Work instructions: Your output should be the lines below from the one with "The third cottage." through the one with "We've got your", copied exactly, pictures excluded.

——

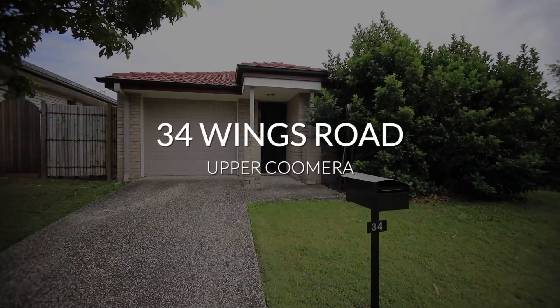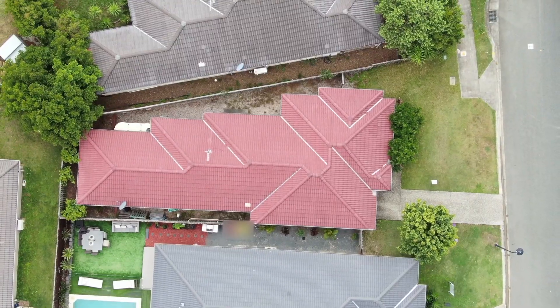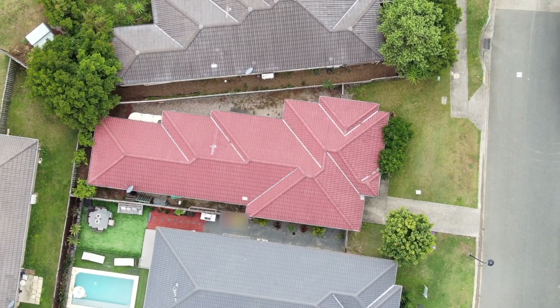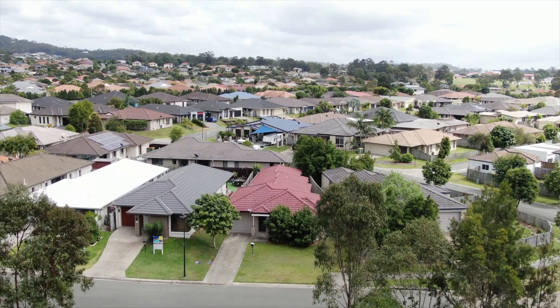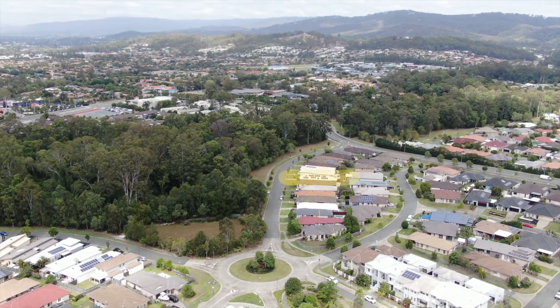A 3 bedroom home located on a fully fenced low maintenance yard, 311 square metre site. Ideally located close to shops, schools and the community centre, it is perfect for the investor or owner occupier.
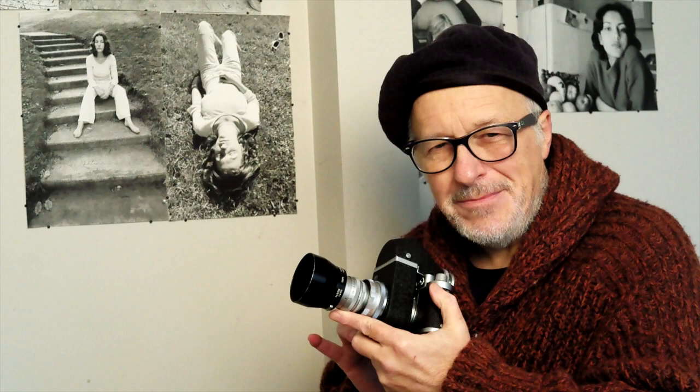Like most rangefinder cameras, it's incapable of producing tight close-ups unless you modify it with an accessory such as this Visoflex, which turns it into a crude but very workable reflex viewing system. And there it is. With its very precise construction, high quality interchangeable lenses, rangefinder focusing, high quality parallax-corrected viewing window, wide range of shutter speeds, flash synchronization, and a self-timer, this is a professional-grade vintage film camera in the 1950s style. See you next time.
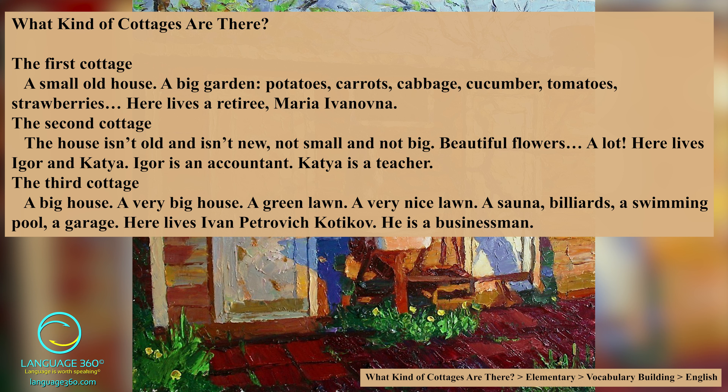The third cottage. A big house — a very big house. A green lawn, a very nice lawn. A sauna, billiards, a swimming pool, a garage. Here lives Ivan Petrovich Kodikov. He is a businessman.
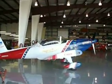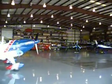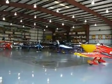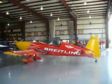Right now we are across the field in the EAA maintenance hangar, and there are a lot of the planes that are involved in the show that are hangared in here for the AirVenture.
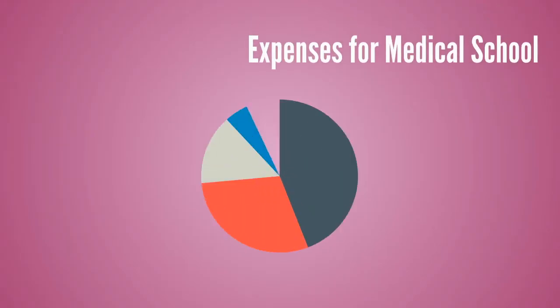The total cost of attendance generally includes tuition plus rent, food, and other things that you normally pay for on a daily basis.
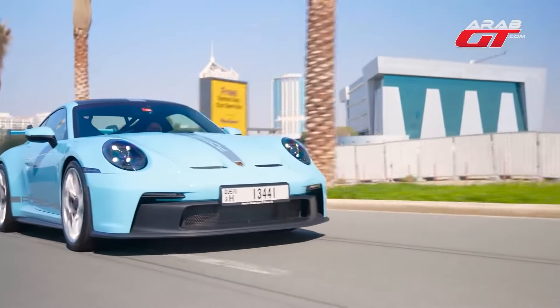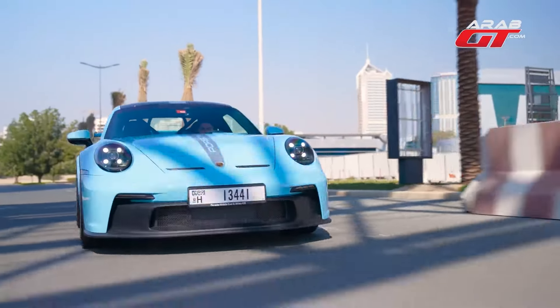Boasting a 9,000 RPM limit, its 6-cylinder engine delivers 510 horsepower at 8,400 RPM. Absolutely astonishing performance from a naturally aspirated unit.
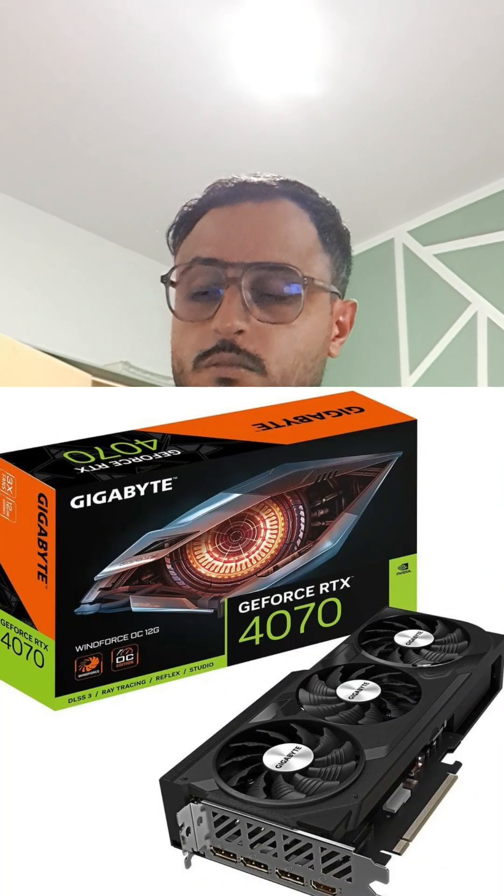So what are your thoughts about the new PlayStation 5 Pro? Will you buy it? Will it be worth upgrading from the base PS5 or the PS5 Slim? Comment below, and don't forget to like, share, and subscribe. Bye!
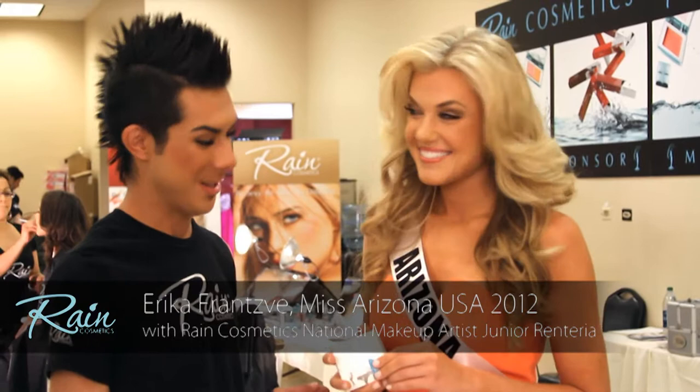Hi, I'm Junior Renteria, National Makeup Artist for Reign Cosmetics, here with Erica, Miss Arizona. So Erica, what are some of your favorite products from Reign Cosmetics?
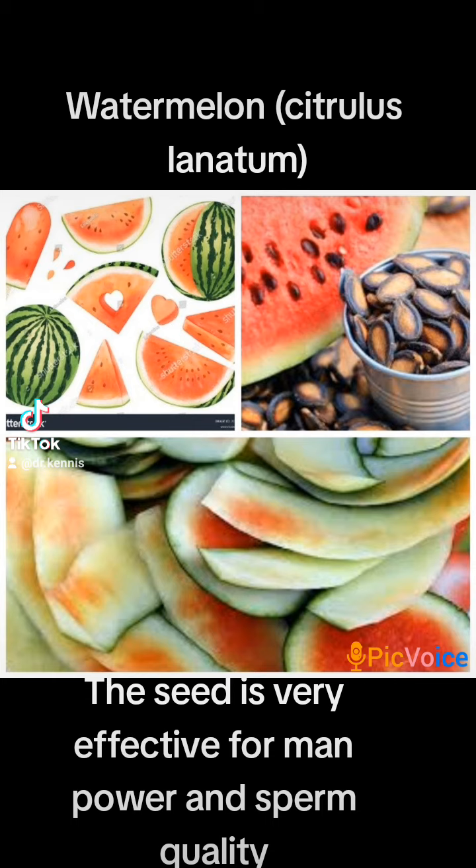It also helps prevent eye-related diseases, is a good source of fiber, controls blood pressure, contains amino acids which are good for health, aids the digestive system, helps with skin health, and helps maintain proper kidney functions.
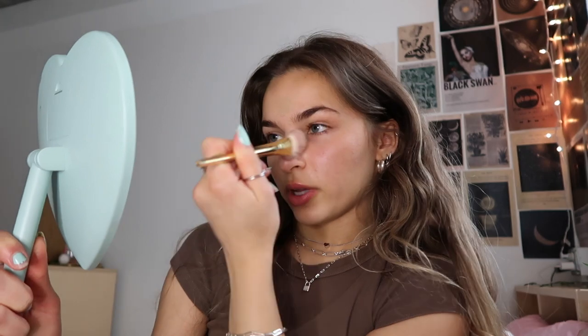This is the Charlotte Tilbury Flawless Filter. I don't always use this, but it's kind of nice sometimes for being a little extra glowy. I have the shade 4. I'll just put like that much on, and I feel like a brush is what I like to use to blend this, and then I'll go in with the beauty blender after.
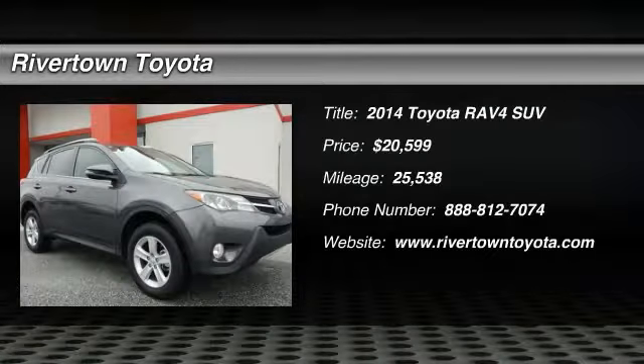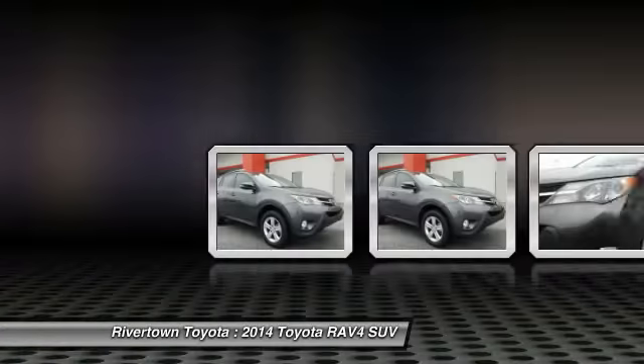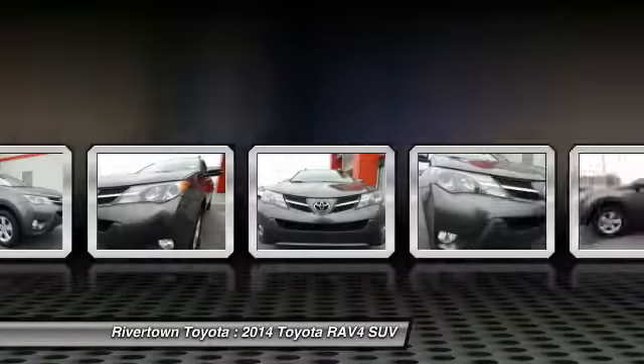The 2014 RAV4. The RAV4 is one of the most fuel-efficient SUVs in its class. Versatile and efficient, RAV4 mixes the comfort and drivability of a sedan with the benefits of an SUV.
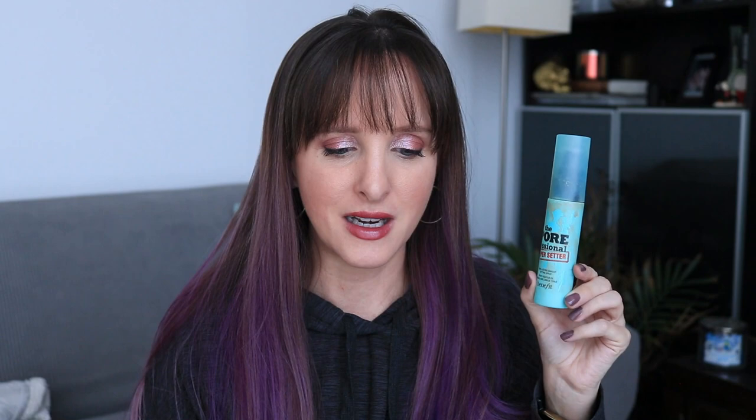It gets to a point where it just starts sputtering at the end, so there's a tiny little bit in the bottom there but I can't get it out to do a good spray on my face. Last month this was 30.28 grams; it's now 19.99 grams. That's a difference of 10.29 grams, and in total I used 14.39 grams.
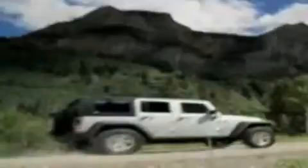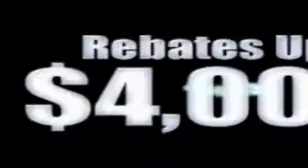We've got your Ram Tough trucks. If you want a Wrangler, we've rounded them all up. We're so big we've got over 30 Dodge Challengers. We've got 0% financing or get huge immediate rebates.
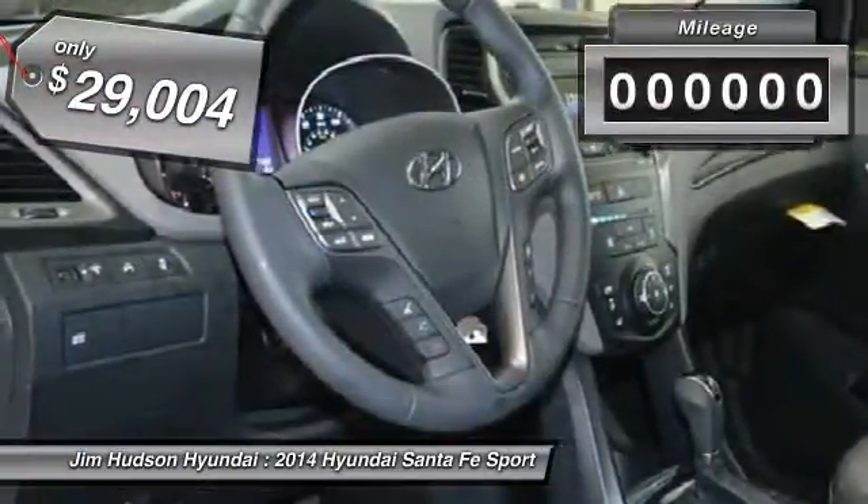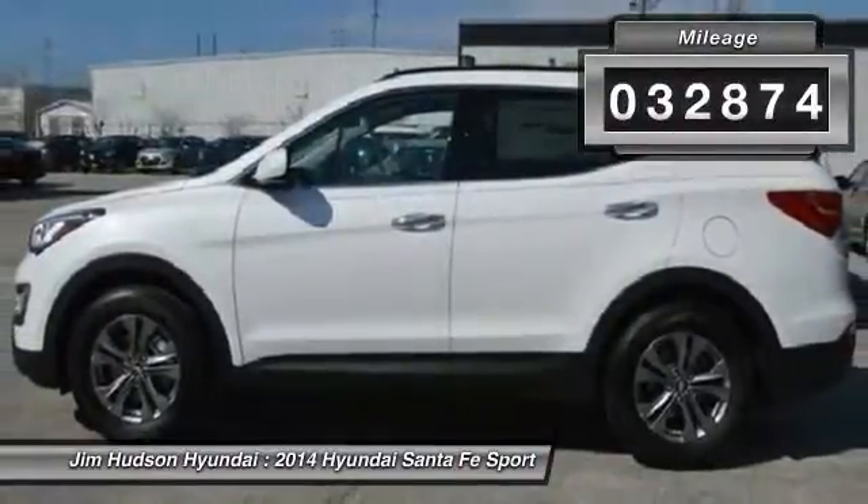And is priced below $30,000. This vehicle has less than 35,000 miles.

——

Exercise result:
The third cottage. A big house — a very big house. A green lawn, a very nice lawn. A sauna, billiards, a swimming pool, a garage. Here lives Ivan Petrovich Kodikov. He is a businessman.
Right now we are across the field in the EAA maintenance hangar, and there are a lot of the planes that are involved in the show that are hangared in here for the AirVenture.
The total cost of attendance generally includes tuition plus rent, food, and other things that you normally pay for on a daily basis.
Boasting a 9,000 RPM limit, its 6-cylinder engine delivers 510 horsepower at 8,400 RPM. Absolutely astonishing performance from a naturally aspirated unit.
So what are your thoughts about the new PlayStation 5 Pro? Will you buy it? Will it be worth upgrading from the base PS5 or the PS5 Slim? Comment below, and don't forget to like, share, and subscribe. Bye!
Hi, I'm Junior Renteria, National Makeup Artist for Reign Cosmetics, here with Erica, Miss Arizona. So Erica, what are some of your favorite products from Reign Cosmetics?
It also helps prevent eye-related diseases, is a good source of fiber, controls blood pressure, contains amino acids which are good for health, aids the digestive system, helps with skin health, and helps maintain proper kidney functions.
This is the Charlotte Tilbury Flawless Filter. I don't always use this, but it's kind of nice sometimes for being a little extra glowy. I have the shade 4. I'll just put like that much on, and I feel like a brush is what I like to use to blend this, and then I'll go in with the beauty blender after.
The 2014 RAV4. The RAV4 is one of the most fuel-efficient SUVs in its class. Versatile and efficient, RAV4 mixes the comfort and drivability of a sedan with the benefits of an SUV.
It gets to a point where it just starts sputtering at the end, so there's a tiny little bit in the bottom there but I can't get it out to do a good spray on my face. Last month this was 30.28 grams; it's now 19.99 grams. That's a difference of 10.29 grams, and in total I used 14.39 grams.
We've got your Ram Tough trucks. If you want a Wrangler, we've rounded them all up. We're so big we've got over 30 Dodge Challengers. We've got 0% financing or get huge immediate rebates.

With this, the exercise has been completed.